Parmi les autres affaires à fort impact pour lesquelles elle a rédigé l’opinion majoritaire, citons le cas de la loi sur les arrangements en matière de avant-postes, qui permettait à l’État de légaliser rétroactivement des avant-postes illégaux construits sur des terres palestiniennes privées, mais que la Cour avait invalidée en 2020, à huit voix contre une.

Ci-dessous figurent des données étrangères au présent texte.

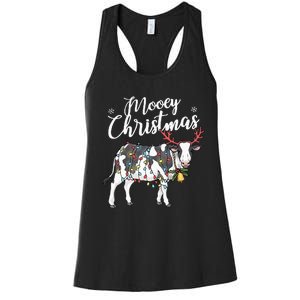 Festive Cow Christmas Lights Hilarious Holiday Decor Women's Racerback Tank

En janvier de cette année, Hayut a défié le gouvernement et le Premier ministre en rédigeant l’avis majoritaire selon lequel le chef du parti le Shas, Aryeh Deri, ne pouvait pas être ministre en raison de sa récente condamnation pour des délits fiscaux.
L’avis le plus important qu’elle ait rendu jusqu’à présent est sans doute celui qu’elle avait donné pour la décision majoritaire concernant la loi controversée sur l’État-nation en 2021. Bien que la Cour ait décidé de maintenir la nouvelle Loi fondamentale, Hayut avait affirmé à l’époque que la Haute Cour avait le pouvoir d’exercer un contrôle judiciaire sur la proto-constitution d’Israël, dans des circonstances très spécifiques : tous les cas où la Knesset, par le biais d’une Loi fondamentale, chercherait à révoquer « l’essence d’Israël en tant qu’État juif et démocratique ».
Le développement de cette doctrine, connue sous le nom d’amendement « constitutionnel inconstitutionnel », constitue la base de l’argument avancé par les libéraux, dont ceux qui siègent à la Cour suprême, selon lequel la Cour peut contrôler et intervenir dans les Lois fondamentales si elles portent atteinte aux composantes fondamentales du caractère d’Israël.
Si la Cour finit par invalider la récente législation sur la Loi fondamentale ou intervenait d’une autre manière, ce sera très certainement en développant cette doctrine.
« Hayut veut que l’on se souvienne d’elle comme d’une leader et d’une ‘juge imposante’ qui a su faire traverser à la Cour la crise la plus grave qu’elle ait connue. Elle considère qu’il s’agit d’un moment historique et veut que l’on se souvienne d’elle comme de quelqu’un qui a mis fin au type de recul démocratique observé en Hongrie et en Pologne ces dernières années », a déclaré Eliya.